Gates Criticizes F-35 Progress, Fires Top Officer

Star Telegram

Secretary of Defense Robert Gates voiced strong dissatisfaction Monday with a lack of progress on the F-35 joint strike fighter program, publicly taking prime contractor Lockheed Martin to task.

Gates, at a Pentagon media briefing on the proposed 2011 defense budget, announced the firing of the top military officer managing the F-35. Gates said $614 million will be withheld from Lockheed to help the government cover rising F-35 expenses.

“Progress and performance of the F-35 over the past two years has not been what it should, as a number of key goals and benchmarks were not met,” Gates said. It was only last April that he staked the future of American combat air power on the F-35 Lightning II by killing Lockheed’s F-22 Raptor.

“It’s clear there were more problems than we were aware of when I visited Fort Worth” in August, Gates said of the upbeat progress reports he had received from Lockheed and military officials.

Speaking to reporters at the briefing on the planned $741 billion defense budget, Gates said he decided to replace the Pentagon’s manager overseeing the F-35, Marine Major Gen. David Heinz, with a higher ranking officer — a three star general or admiral — to run the program.

“To now move forward in this program in a realistic way, one cannot absorb the additional costs that we have in this program and the delays without people being held accountable,” Gates said.

Officials did not name the new manager, but sources told the Star-Telegram it will be Vice Adm. David J. Venlet, commander of the Naval Air Systems Command who oversees all Navy and Marine aviation programs. He is a former Navy fighter pilot and test pilot.

Since Gates’ Aug. 30 trip to Lockheed’s Fort Worth plant, where he made a highly publicized endorsement of the F-35 and praised work on the program, Pentagon officials have been forced to confront the harsh reality that development and testing is well behind a schedule revised just two years ago.

“I’ve been waiting for Gates to realize he had been misled,” said Tom Christie, a retired longtime Pentagon civilian procurement executive whose last job was head of weapons testing under President George W. Bush.

Lockheed spokesman Chris Geisel said in a prepared statement that the company “appreciates Secretary Gates’ commitment and support to the F-35 program and the critical role it will play in the future defense of our nation. We have been working with the Secretary … on a plan to get the program back on track and are committed to stabilizing F-35 cost, affordability and to fielding the aircraft on time.

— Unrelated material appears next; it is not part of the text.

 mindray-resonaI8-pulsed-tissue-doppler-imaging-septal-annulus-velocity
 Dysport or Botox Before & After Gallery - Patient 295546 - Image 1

“Secretary Gates,” the statement continued, “made it very clear that all procurement programs will have accountability and we support that position. We understand what’s expected — there is a clear set of performance and milestone criteria — and we are confident we will achieve them.”

As expected, the budget reduces the number of F-35s in 2011 from 52 to 43, and shifts funding to pay for efforts to speed up development and testing work.

Lockheed says 15 of 19 test planes have been delivered. But only four of 13 flight test planes have flown, and one of those, the initial prototype, has already been retired. Nine others are in various stages of work, including four still on the assembly line. Six ground test planes have been put into structural and component testing.

As the Star-Telegram reported in November, flight testing is running at least six months behind the schedule revised in 2008. Less than one-third of the flight tests planned for the last three years have been accomplished, a tiny fraction of more than 5,000 required test flights.

And a recent report by the Pentagon’s Director of Operational Testing pointed out numerous other less visible issues. The majority of computer simulation and modeling programs, which Lockheed officials have said would eliminate the need for much flight testing, are far from complete. Software development, which Lockheed says is going well, is running about 12 months behind schedule, according to the testing office.

The restructuring of the F-35 program had been signaled by Pentagon officials for weeks.

Lockheed Chief Executive Robert Stevens told financial analysts last week he had readily agreed to forego some of the company’s “award fees,” incentive payments the company had not yet earned, so that the funds could be used for development and testing.